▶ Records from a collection
=== Begin Enclosure ===
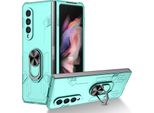 Custodia Galaxy Z Fold3, Pc Rigido Robusto, Custodia Antiurto Con Supporto Ad Anello E Supporto Per Samsung Galaxy Z Fold 3 5G Blu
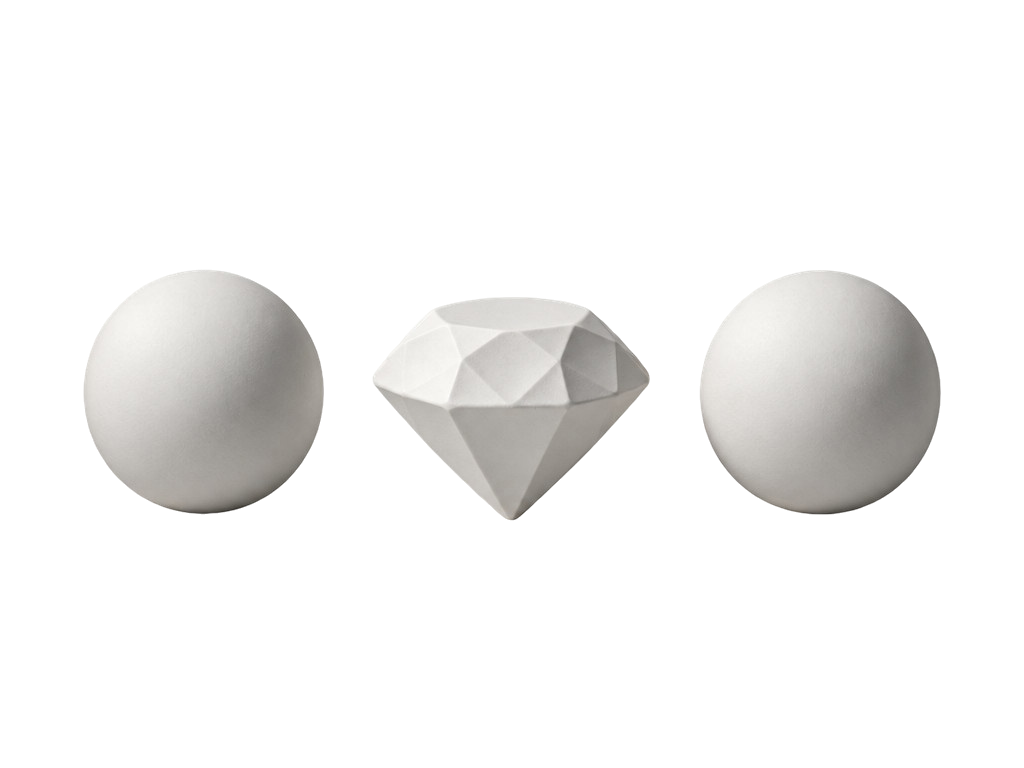 Illustration 3D : un diamant entre deux sphères qui représente l'unicité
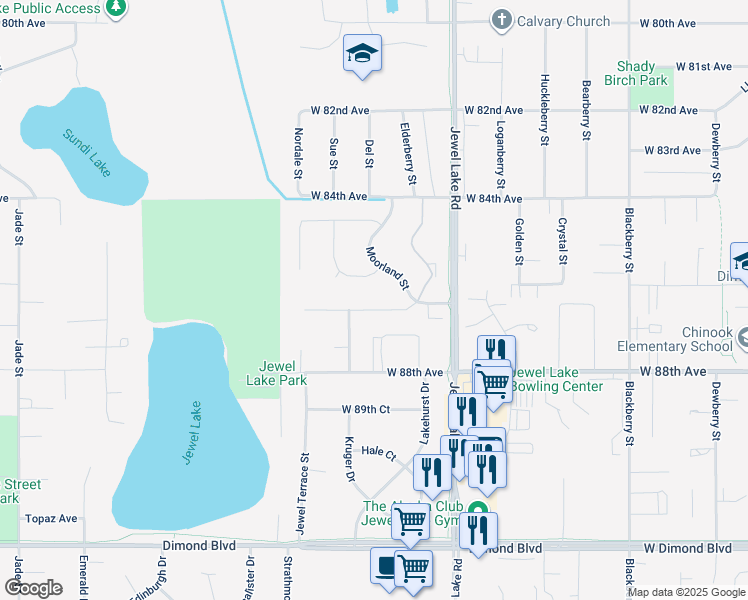 map of restaurants, bars, coffee shops, grocery stores, and more near 8566 Moorland Street in Anchorage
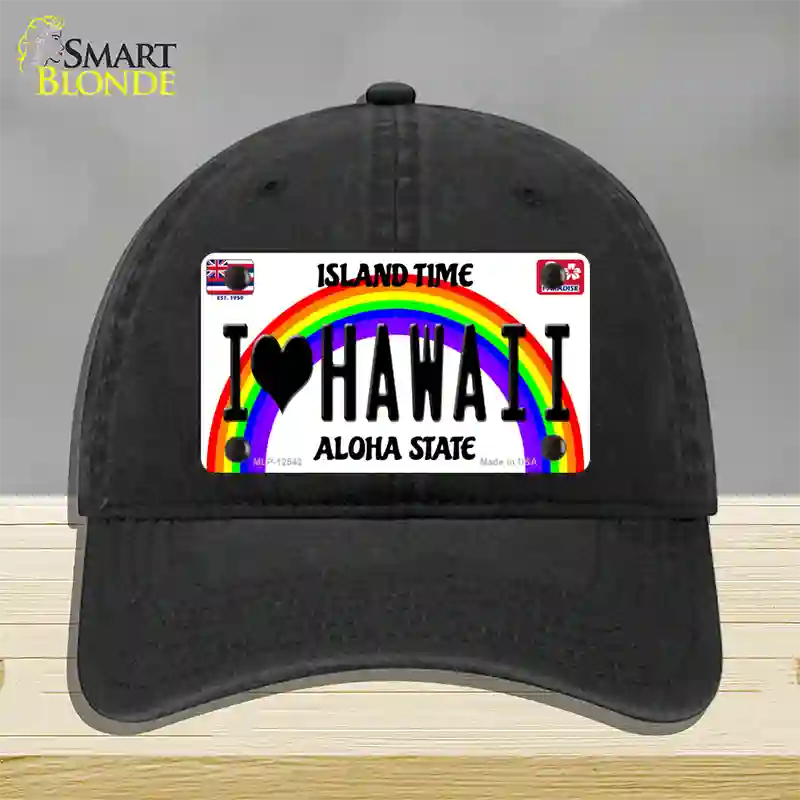 I Love Hawaii Novelty License Plate Hat Unconstructed Cotton / Black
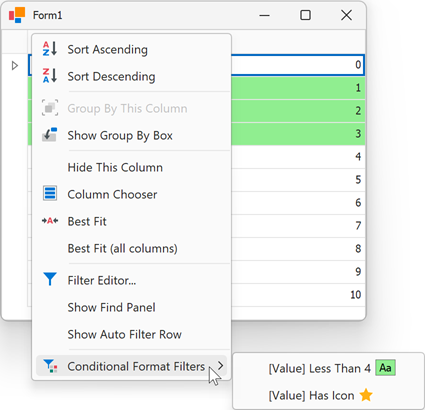 WinForms Data Grid - Conditional Format Filters Item in Column Header Menu, DevExpress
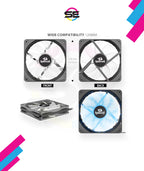 Redragon 120mm RGB Case Fan 3-Pack – 15 LEDs, 7 Colors, 1200 RPM, Super Quiet High Airflow, Wireless Remote Fan Speed Control, 6-PIN Connector – Black
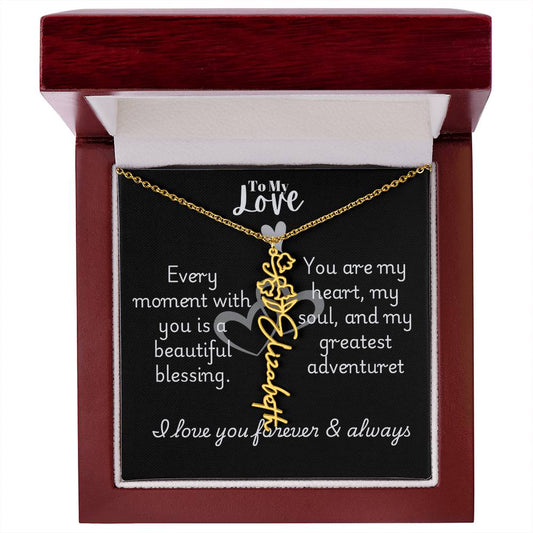 Birth month Flower Custom Name Necklace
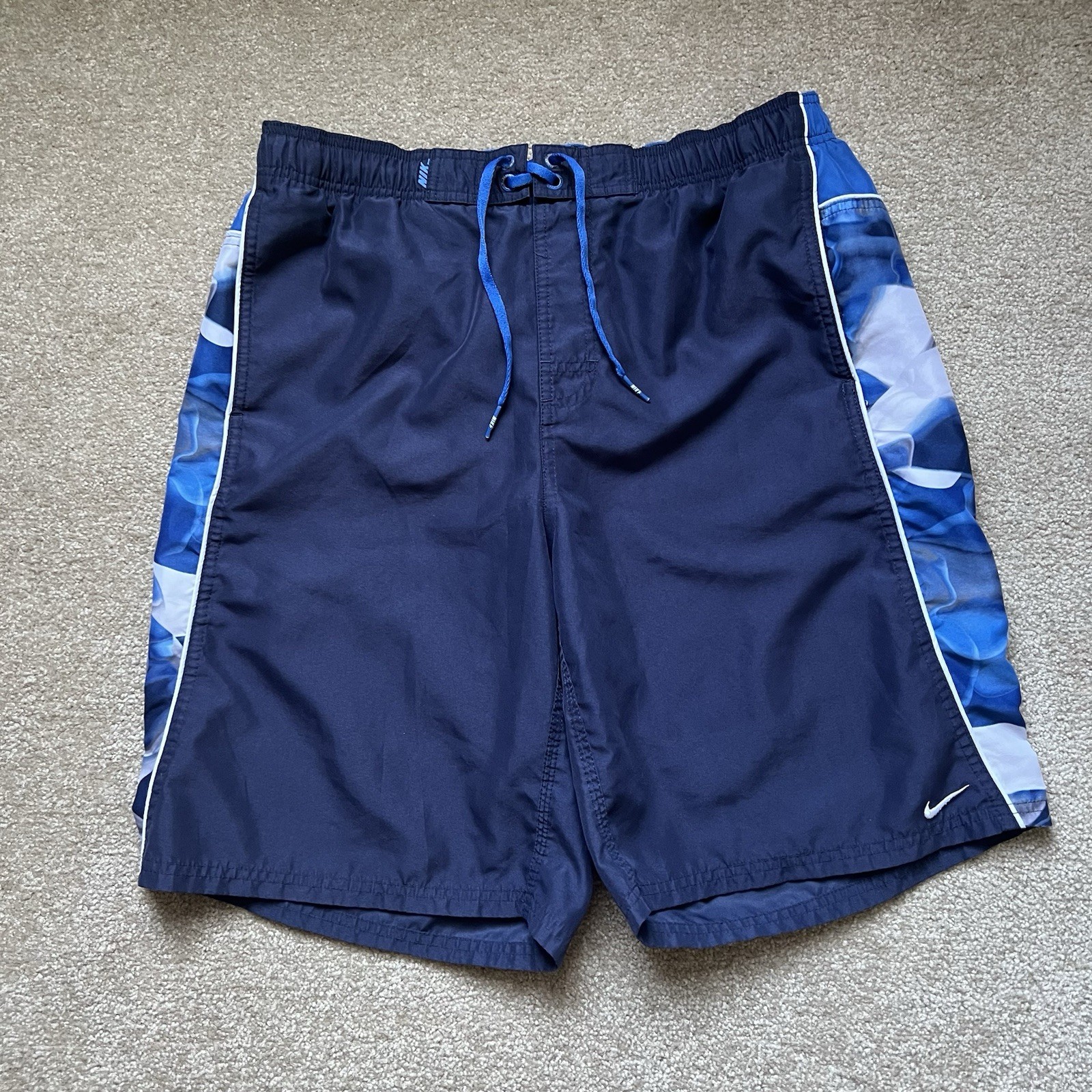 Nike Y2K Vintage Surf Ocean Beach Hawaii Camo Blue Embroidered L Boardshorts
=== End Enclosure ===
▶ Work order
Your answer should be a precise transcript of the entries, minus the pictures.

▶ Completed exercise
 Custodia Galaxy Z Fold3, Pc Rigido Robusto, Custodia Antiurto Con Supporto Ad Anello E Supporto Per Samsung Galaxy Z Fold 3 5G Blu
 Illustration 3D : un diamant entre deux sphères qui représente l'unicité
 map of restaurants, bars, coffee shops, grocery stores, and more near 8566 Moorland Street in Anchorage
 I Love Hawaii Novelty License Plate Hat Unconstructed Cotton / Black
 WinForms Data Grid - Conditional Format Filters Item in Column Header Menu, DevExpress
 Redragon 120mm RGB Case Fan 3-Pack – 15 LEDs, 7 Colors, 1200 RPM, Super Quiet High Airflow, Wireless Remote Fan Speed Control, 6-PIN Connector – Black
 Birth month Flower Custom Name Necklace
 Nike Y2K Vintage Surf Ocean Beach Hawaii Camo Blue Embroidered L Boardshorts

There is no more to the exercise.